Supplied data START

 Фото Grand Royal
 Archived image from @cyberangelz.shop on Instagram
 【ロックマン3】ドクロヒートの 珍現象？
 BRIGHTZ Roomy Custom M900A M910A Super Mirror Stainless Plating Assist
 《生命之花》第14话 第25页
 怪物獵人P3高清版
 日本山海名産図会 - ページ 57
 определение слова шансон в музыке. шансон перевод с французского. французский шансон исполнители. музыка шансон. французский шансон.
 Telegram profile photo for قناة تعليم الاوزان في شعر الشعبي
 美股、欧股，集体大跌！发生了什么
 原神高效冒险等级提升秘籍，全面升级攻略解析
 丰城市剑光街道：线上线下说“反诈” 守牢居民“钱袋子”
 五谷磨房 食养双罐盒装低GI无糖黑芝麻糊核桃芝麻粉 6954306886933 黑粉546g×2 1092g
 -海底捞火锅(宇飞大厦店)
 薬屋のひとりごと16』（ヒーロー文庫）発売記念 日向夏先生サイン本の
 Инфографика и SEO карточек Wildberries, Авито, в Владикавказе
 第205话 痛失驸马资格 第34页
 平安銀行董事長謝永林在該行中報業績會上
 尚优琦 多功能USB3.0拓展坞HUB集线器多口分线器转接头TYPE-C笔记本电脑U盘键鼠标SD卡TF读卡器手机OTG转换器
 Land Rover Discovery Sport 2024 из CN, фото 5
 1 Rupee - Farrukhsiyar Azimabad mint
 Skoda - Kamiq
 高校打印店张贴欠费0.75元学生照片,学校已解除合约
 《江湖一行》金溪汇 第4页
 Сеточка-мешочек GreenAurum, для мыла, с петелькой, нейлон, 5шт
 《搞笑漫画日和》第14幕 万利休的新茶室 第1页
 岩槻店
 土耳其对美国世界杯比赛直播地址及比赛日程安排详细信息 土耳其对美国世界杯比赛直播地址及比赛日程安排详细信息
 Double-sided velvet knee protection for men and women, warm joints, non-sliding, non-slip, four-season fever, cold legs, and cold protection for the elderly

Supplied data END

*To do*
Taking the entries from their first line through the line with "薬屋のひとりごと16』（ヒーロー文庫）発売記念 日向夏先生サイン本の", inclusive, restate each line word for word and give nothing else.

*Answer section*
 Фото Grand Royal
 Archived image from @cyberangelz.shop on Instagram
 【ロックマン3】ドクロヒートの 珍現象？
 BRIGHTZ Roomy Custom M900A M910A Super Mirror Stainless Plating Assist
 《生命之花》第14话 第25页
 怪物獵人P3高清版
 日本山海名産図会 - ページ 57
 определение слова шансон в музыке. шансон перевод с французского. французский шансон исполнители. музыка шансон. французский шансон.
 Telegram profile photo for قناة تعليم الاوزان في شعر الشعبي
 美股、欧股，集体大跌！发生了什么
 原神高效冒险等级提升秘籍，全面升级攻略解析
 丰城市剑光街道：线上线下说“反诈” 守牢居民“钱袋子”
 五谷磨房 食养双罐盒装低GI无糖黑芝麻糊核桃芝麻粉 6954306886933 黑粉546g×2 1092g
 -海底捞火锅(宇飞大厦店)
 薬屋のひとりごと16』（ヒーロー文庫）発売記念 日向夏先生サイン本の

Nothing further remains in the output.